=== Begin Enclosure ===

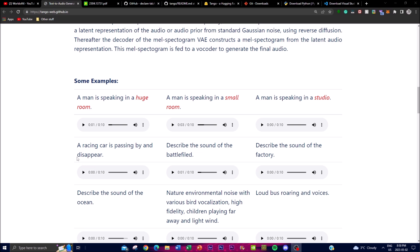Now let's take some examples to get a better understanding of what this text-to-audio application can do. If you give it the prompt 'a man is speaking in a huge room,' you get a generative response using its encoders. From this representation you can see that the encoder captures what the descriptive text says — and comparing it to a small room, you can hear less echo, representing a smaller space. This is quite amazing.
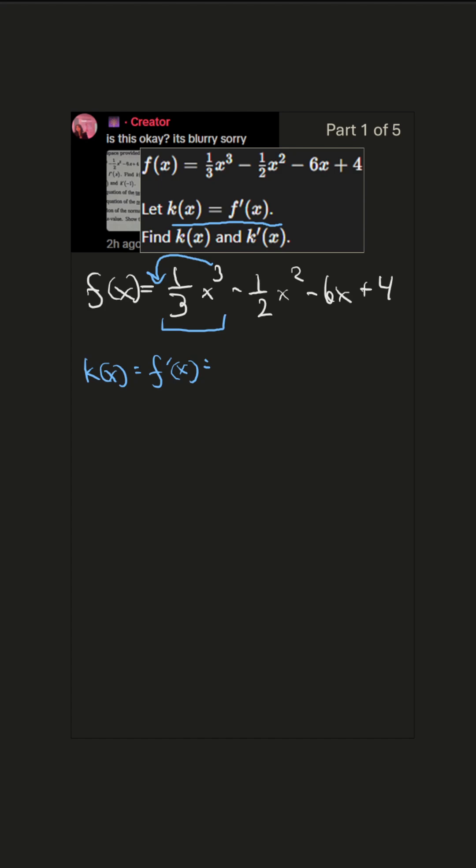So we can imagine there's a 1 right here, and then we put the variable, and we reduce the power by 1. So that's x².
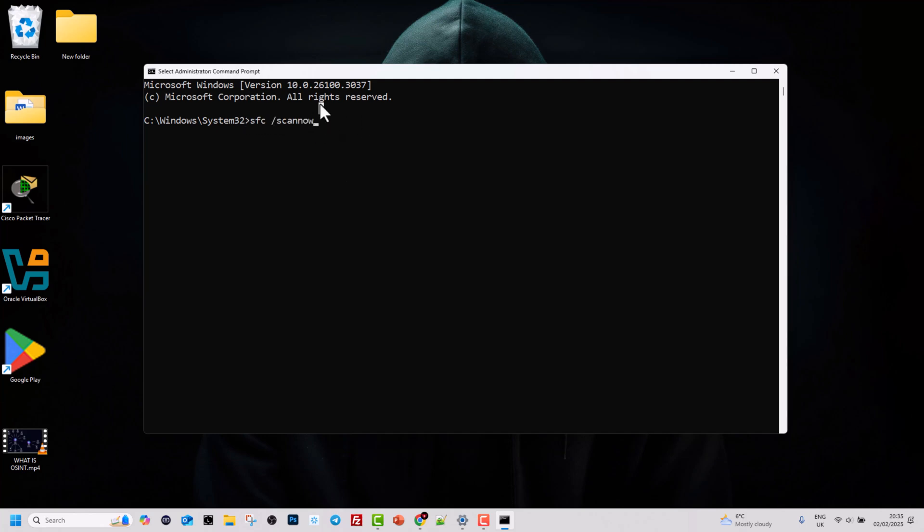The next flag or attribute which you can use with SFC is: if you type in sfc /verifyonly, with this attribute it scans all protected system files without attempting any repairs.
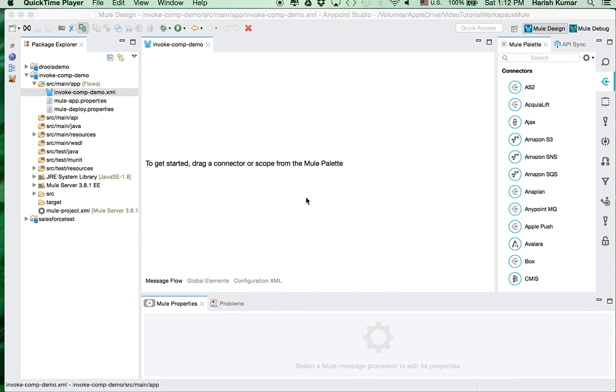Hello everyone, welcome to this series about Mule ESB tutorials. Today I will be showing how to invoke a Java method in Mule ESB. Since Mule has been developed mainly on Java and Spring, there is a strong integration between Java and Mule.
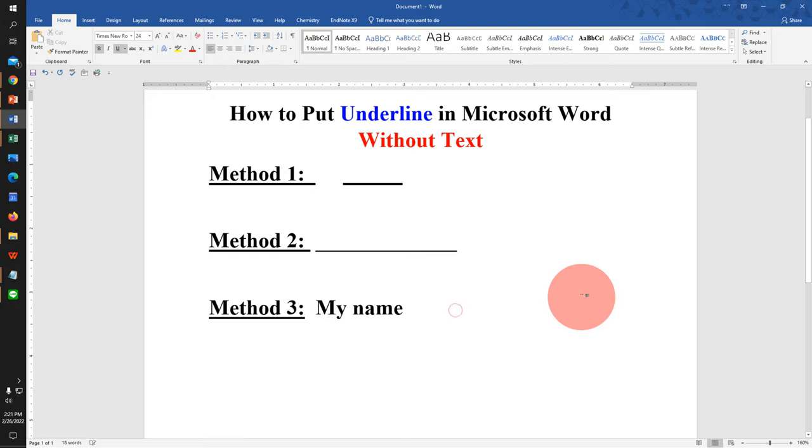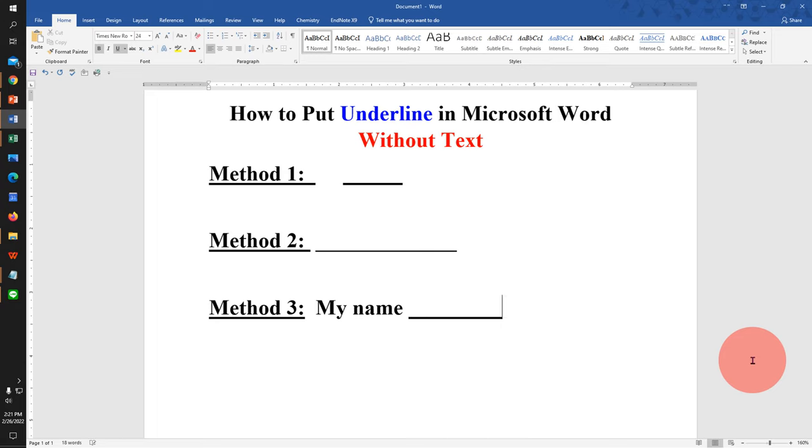Last method is also easy. Press Ctrl+U on your keyboard and press tab number of times to get the underline without text.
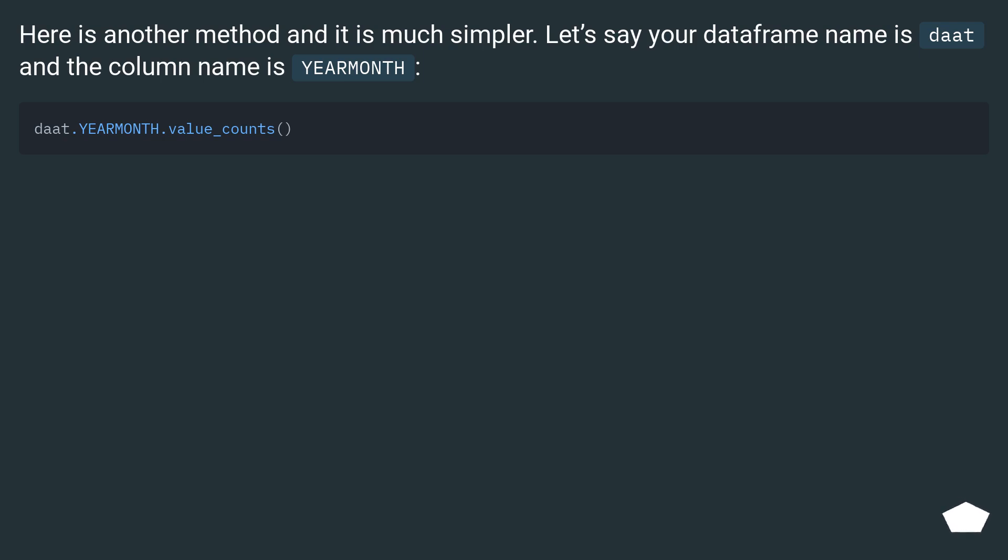Here is another method and it is much simpler. Let's say your dataframe name is daat and the column name is YEARMONTH.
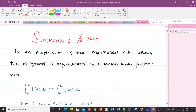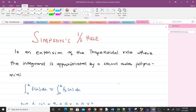Welcome to this lesson on Simpson's 1/3 rule. In our previous lesson we talked about the trapezium rule, where we did a whole lot of things including deriving the formula. We are going to use the same concept here, except that here we are going to approximate the integral by a second order polynomial. Simpson's 1/3 rule is an extension of the trapezoidal rule where the integral is approximated by a second order polynomial.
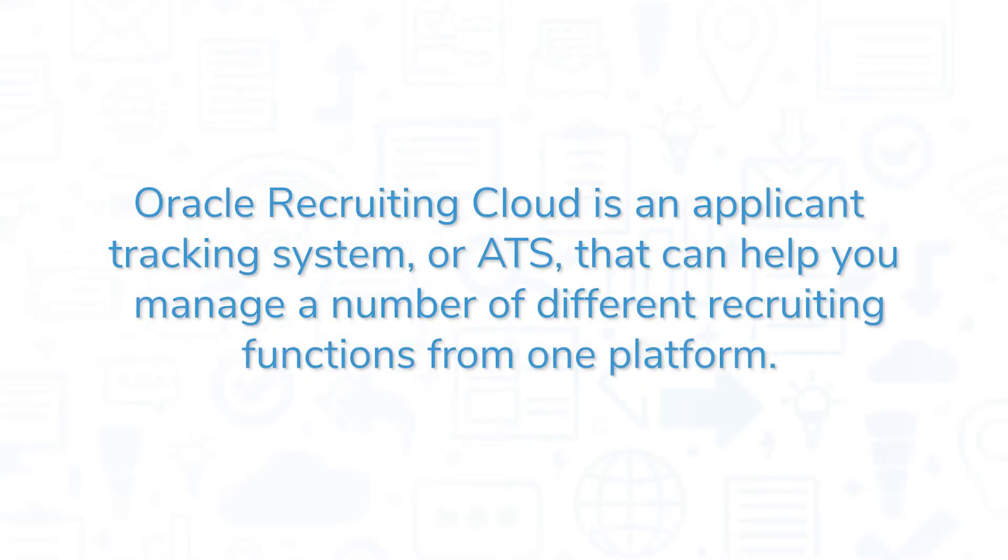Oracle Recruiting Cloud is an Applicant Tracking System, or ATS, that can help you manage a number of different recruiting functions from one platform.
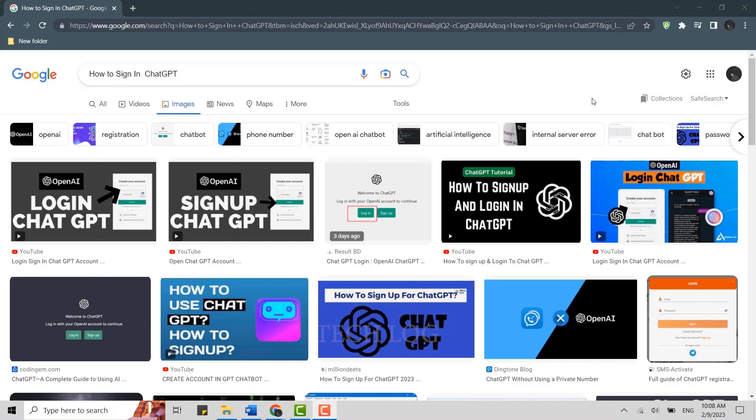Hello everyone, welcome back to the Tech Lock YouTube channel. Today I will be showing you how to sign in to your ChatGPT account. To do that, first of all, open a Google browser in your PC.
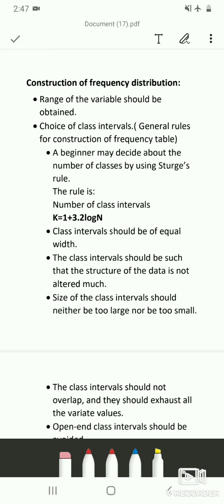Welcome to Business Statistics One class. In the previous video we had seen about bivariate and multivariate frequency distributions and what is meant by marginal and conditional frequency distribution. Today in this video we will see how to construct a frequency table given available raw data.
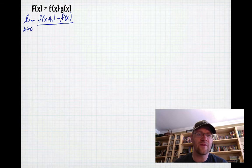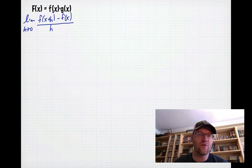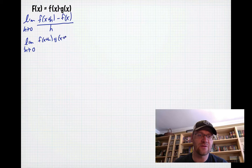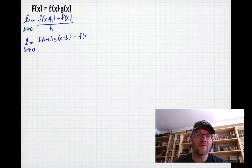We set up the limit: [f(x+h) − f(x)] / h. Instead of x in the original function, we substitute x+h. So we get f(x+h)·g(x+h) — because we have two different functions — minus f(x)·g(x), all divided by h.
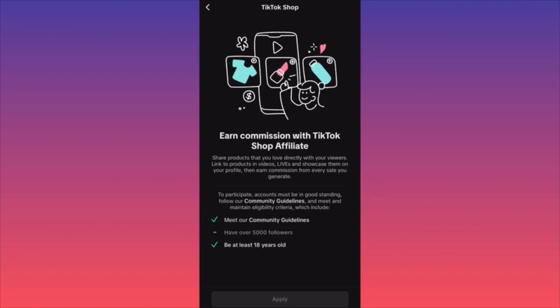I have another TikTok account with over 70,000 followers on it. I've listed plenty of items but honestly haven't sold anything. Maybe my items are too expensive or the niche is different. You want to make sure you list items that are very relevant to your audience.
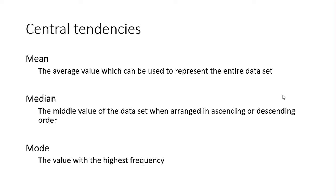Mode is the value with the highest frequency. If you have a lot of data and arrange them in order, you can find one value which has the highest number of occurrences or the highest frequency. That will be the mode for that data set.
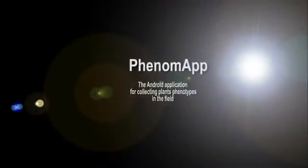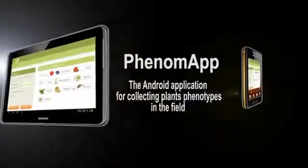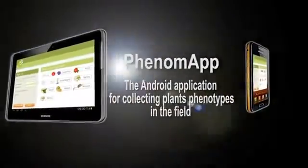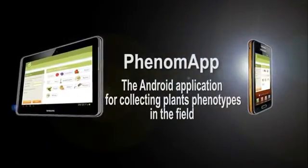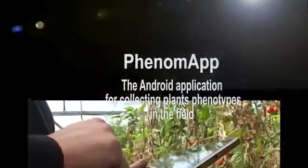Phenomep is a new Android application for collecting plant phenotypes in the field using tablets or smartphones.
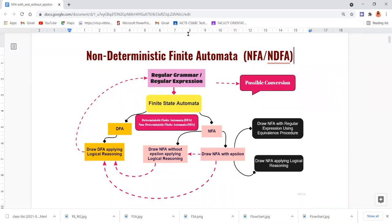Dear viewers, in this video we are going to look at different types of non-deterministic finite automata. In short, it is called NFA or NDFA. We will look at how to draw NDFA, what are the basic principles we need to consider, and what types of non-deterministic finite automata exist.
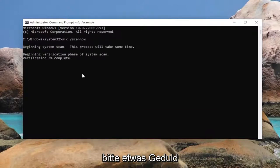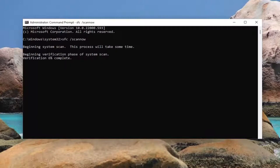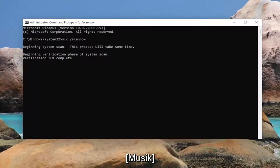This will take some time to run, so please be patient.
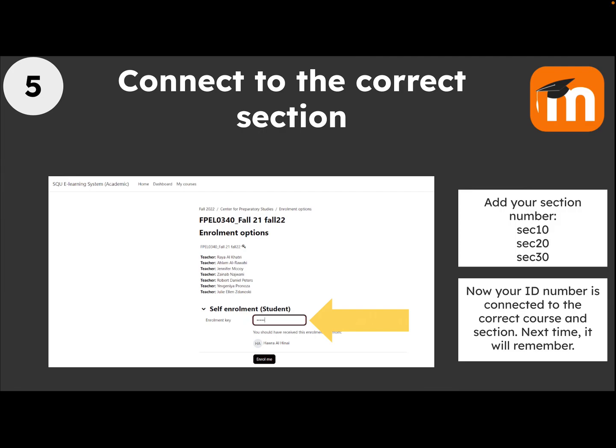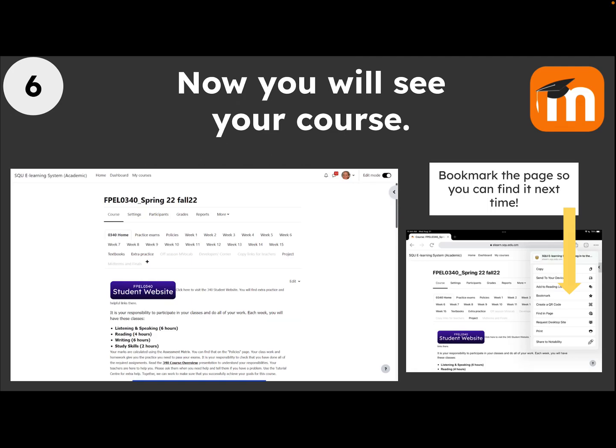Click Enroll Me, and now your ID number is connected to the correct course and section. Next time, it will remember. Now you will see your course.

=== End Enclosure ===

### Activity
Return the material from the line containing "Here is another" through the line containing "Hello everyone, welcome back", exactly and in full, but without its pictures.

### Solution to this task
Here is another method and it is much simpler. Let's say your dataframe name is daat and the column name is YEARMONTH.
Welcome to this lesson on Simpson's 1/3 rule. In our previous lesson we talked about the trapezium rule, where we did a whole lot of things including deriving the formula. We are going to use the same concept here, except that here we are going to approximate the integral by a second order polynomial. Simpson's 1/3 rule is an extension of the trapezoidal rule where the integral is approximated by a second order polynomial.
Oracle Recruiting Cloud is an Applicant Tracking System, or ATS, that can help you manage a number of different recruiting functions from one platform.
Hello everyone, welcome back to the Tech Lock YouTube channel. Today I will be showing you how to sign in to your ChatGPT account. To do that, first of all, open a Google browser in your PC.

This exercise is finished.